The simple tetragonal is made by pulling on two opposite faces of the simple cubic and stretching it into a rectangular prism with a square base, but a height not equal to the sides of the square. By similarly stretching the body-centered cubic one more Bravais lattice of the tetragonal system is constructed, the centered tetragonal.
The simple orthorhombic is made by deforming the square bases of the tetragonal into rectangles, producing an object with mutually perpendicular sides of three unequal lengths. The base orthorhombic is obtained by adding a lattice point on two opposite sides of one object's face. The body-centered orthorhombic is obtained by adding one lattice point in the center of the object. And the face-centered orthorhombic is obtrained by adding one lattice point in the center of each of the object's faces.

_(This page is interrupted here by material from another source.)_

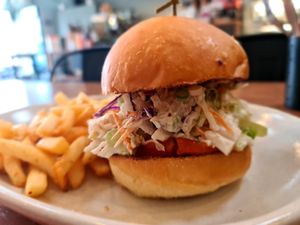 Buffalo chkn burger at One for the Crow in Maidstone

The simple monoclinic is obtained by distorting the rectangular faces perpendicular to one of the orthorhombic axis into general parallelograms. By similarly stretching the base-centered orthorhombic one produces the base-centered monoclinic.
The destruction of the cube is completed by moving the parallelograms of the orthorhombic so that no axis is perpendicular to the other two. The simple triclinic produced has no restrictions except that pairs of opposite faces are parallel.
The simple trigonal (or rhombohedral) is obtained by stretching a cube along one of its axis.
The hexagonal point group is the symmetry group of a prism with a regular hexagon as base. The simple hexagonal bravais has the hexagonal point group and is the only bravais lattice in the hexagonal system.